Numa entrevista que me concedeu em 2005, o professor do MIT explicava:
“As comunicações virais estão criando redes, construções ágeis, escalares e sistemas colaborativos cujo crescimento não pode ser controlado. São formas de serviços e aplicações que utilizam o mínimo de potência e a máxima habilidade para intercomunicar com arquiteturas também virais, movimentando a inteligência do tronco para as folhas, que inclui todos os tipos de mecanismos básicos sem fio – wireless ou via rádio – bem como chips e aplicações embutidas até nos objetos triviais da vida diária, como roupas, coleiras de cães ou mobília.”
O mundo tem tido nos últimos anos grande número de experiências inovadoras baseadas na internet e na mobilidade do celular. Em âmbito global, o número de internautas já se aproxima de 3 bilhões, enquanto o de celulares em serviço já supera os 6,5 bilhões, para uma população mundial de 7,1 bilhões de habitantes. E é bom lembrar que o número de usuários do Facebook já se aproxima de 1,2 bilhão e que 1,5 bilhão de pessoas consultam o Google a cada dia.
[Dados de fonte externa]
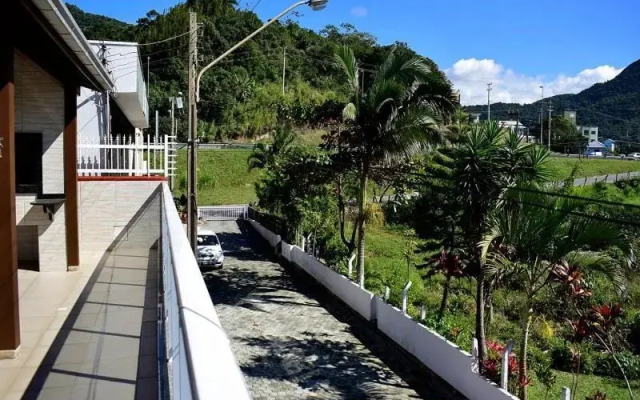 Praia da Ilhota, lado de Baneário Camboriú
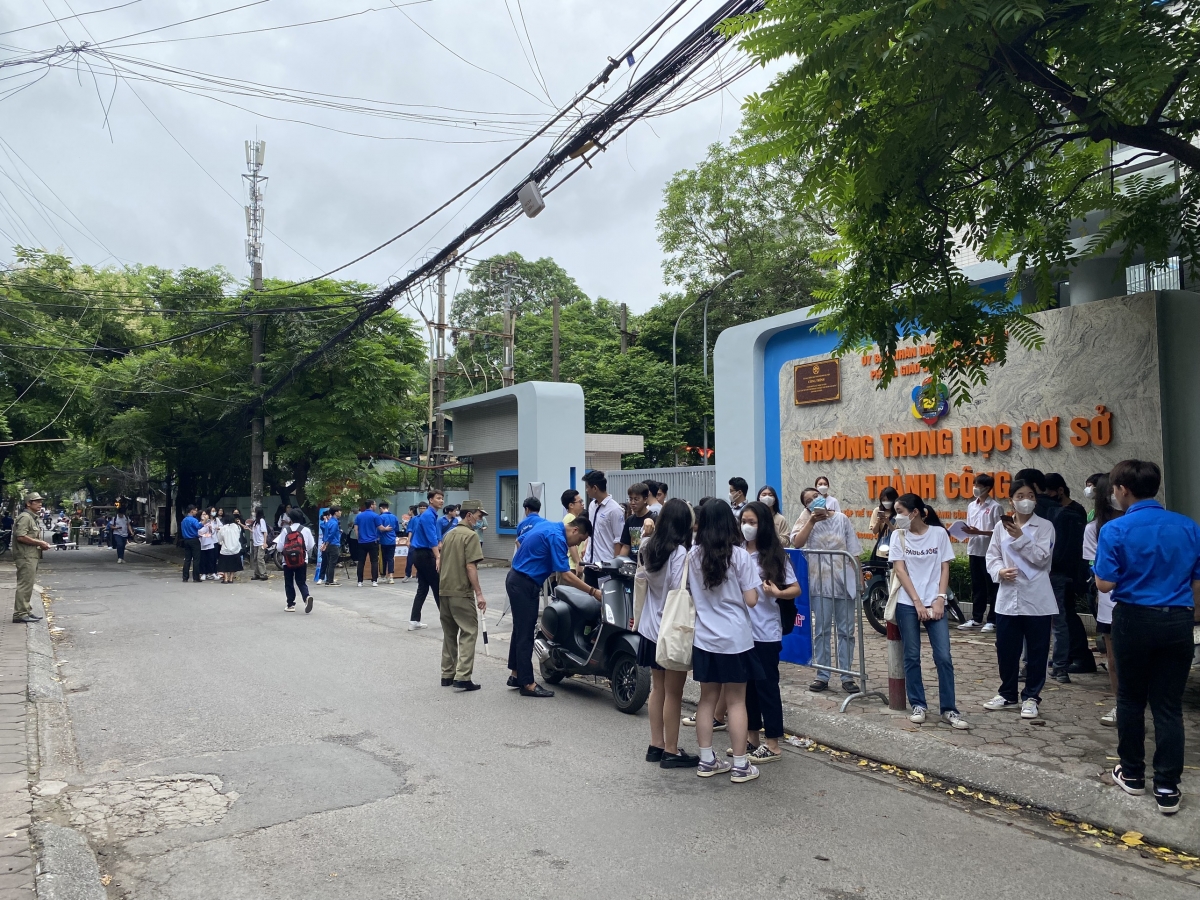Sinh viên Trường ĐH Giáo dục (ĐHQG Hà Nội) tiếp sức mùa thi tại điểm thi THCS Thành Công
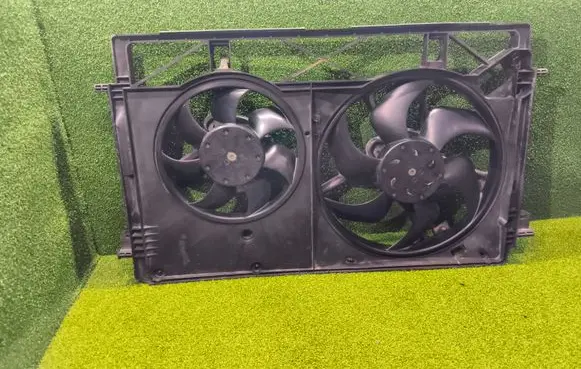 Opel Vivaro Radiator set 214816680R 1180618X 93868357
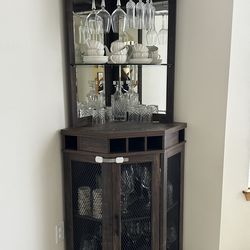 Corner Cabinet for glasses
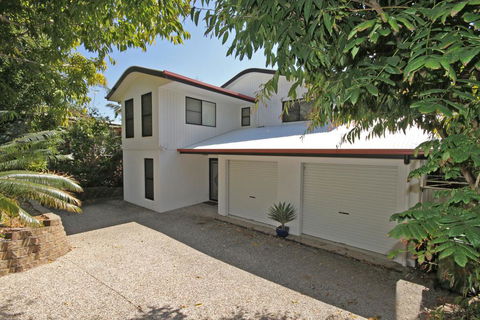 8 Springfield Avenue - Pet Friendly, Linen Included - Grafton Accommodation 0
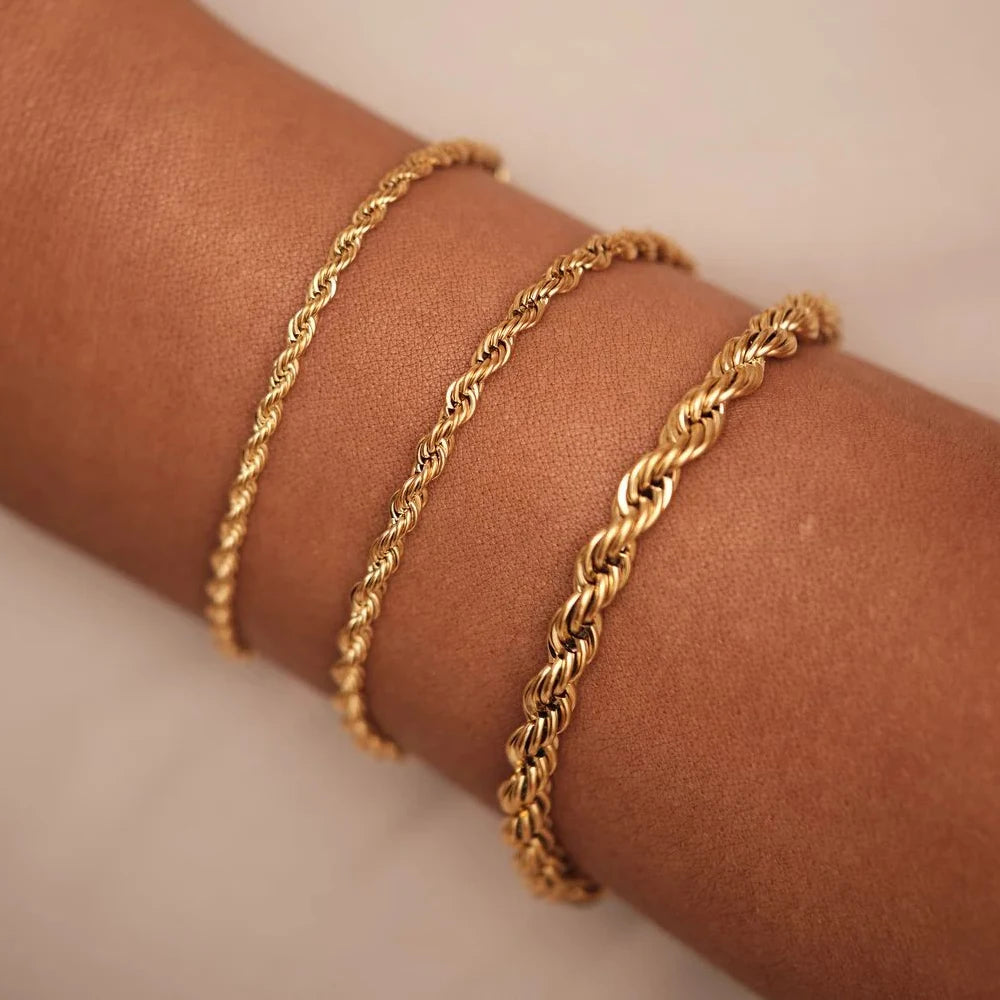 Bracelet à chaîne torsadée pour femme – Bracelet minimaliste en acier inoxydable doré ou argenté (2 mm / 3 mm / 4 mm / 5 mm)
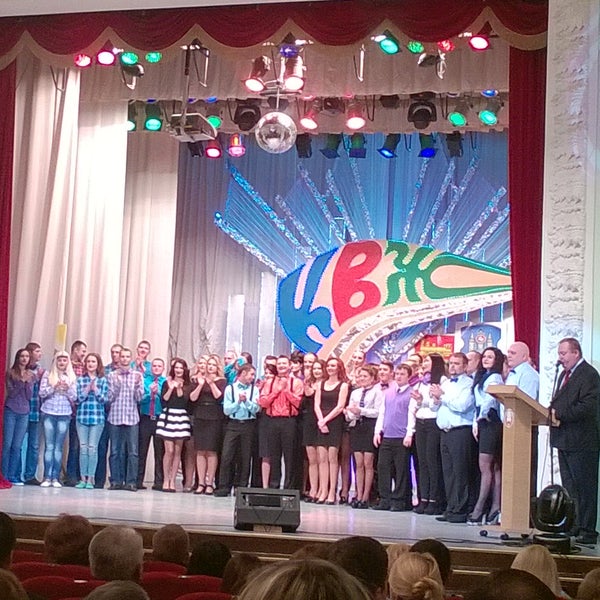 Дом культуры железнодорожников могилев. Дк железнодорожников могилев. Дк железнодорожников могилев. Дк железнодорожников могилев. Могилев здание дк.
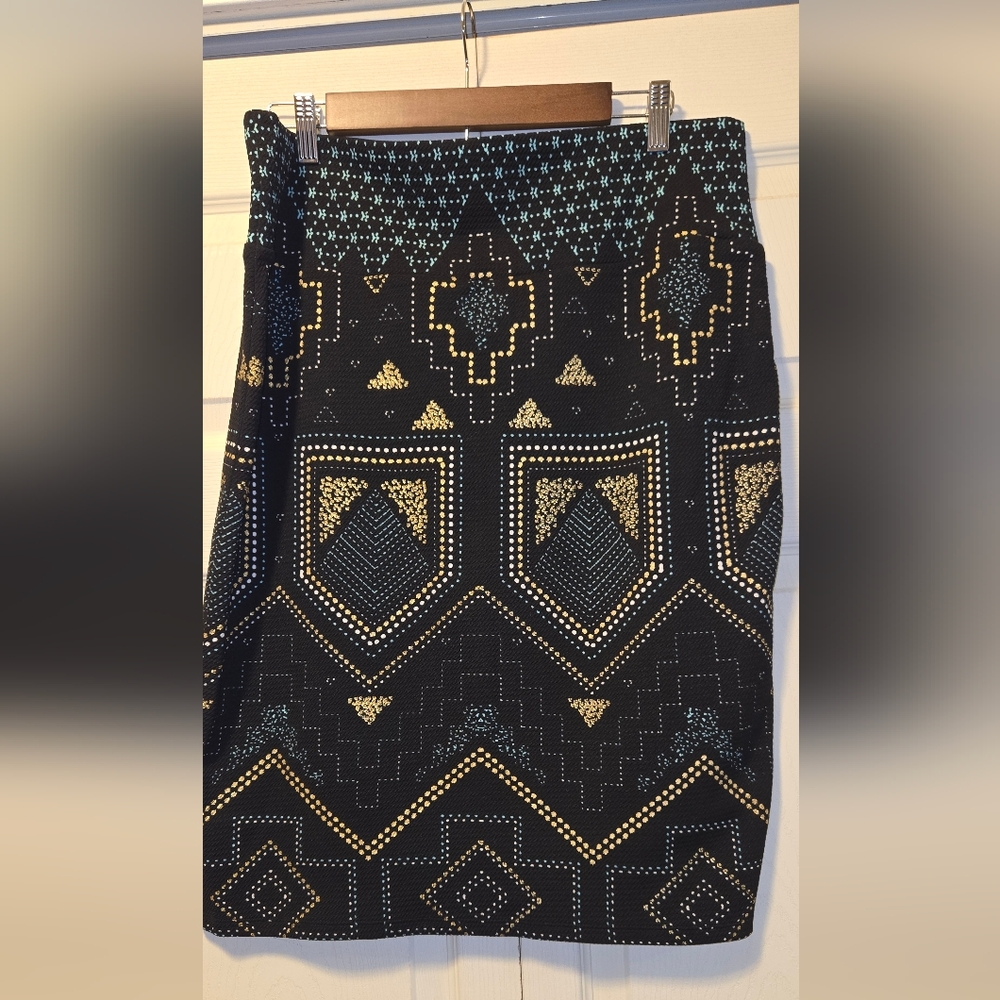 LuLaRoe Black and Gold Patterned Skirt XL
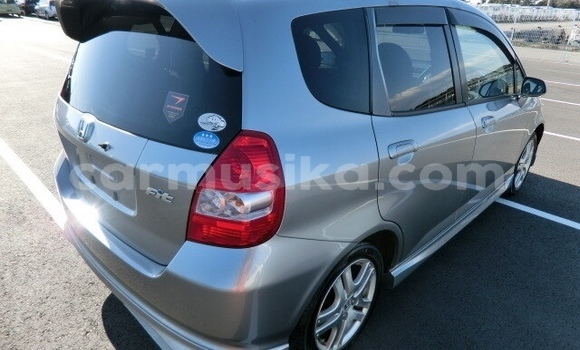 Acheter Occasion Voiture Honda Fit Gris à Beitbridge, Matabeleland South Acheter Occasion Voiture Honda Fit Gris à Beitbridge, Matabeleland South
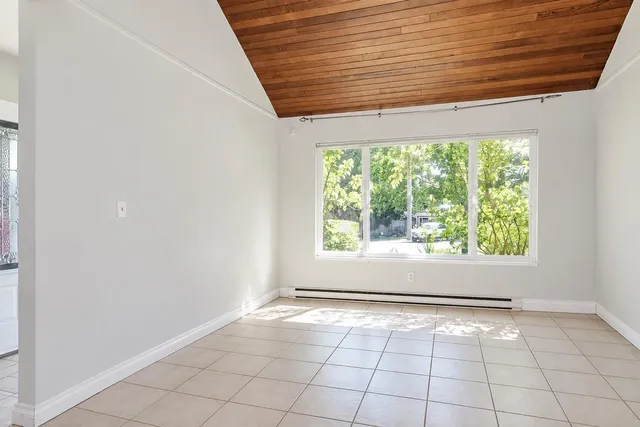 6187 194 STREET, Surrey 4
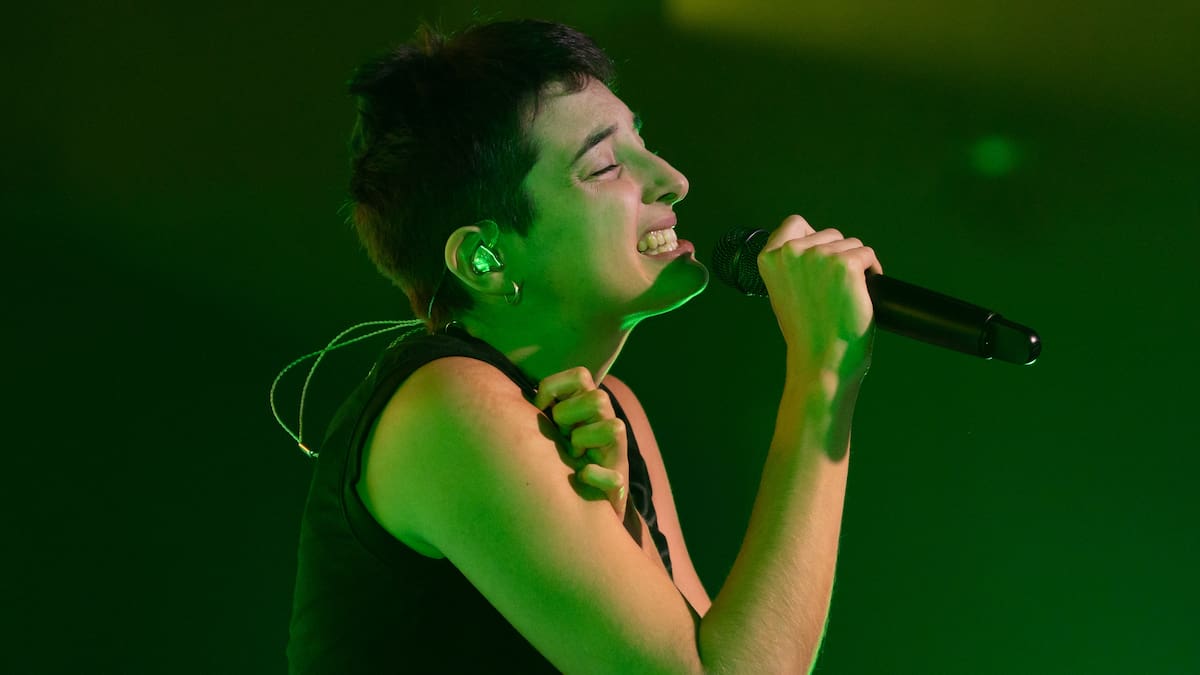 Sandra Delaporte debuta en la literatura con valentía compartiendo sus diarios cargados de dolor y conquistas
E no Brasil, ocorre uma verdadeira revolução na infraestrutura de comunicações, ao longo dos últimos 15 anos. Nesse período, o número de telefones cresceu mais de 1.000%, ao saltar de 24,5 milhões para os atuais 340 milhões. Em 1998, com a velha Telebrás, o telefone era um privilégio elitista: só 14 em cada 100 cidadãos dispunham de uma linha. Hoje são 140 telefones por 100 habitantes, quer dizer, há mais telefones do que gente.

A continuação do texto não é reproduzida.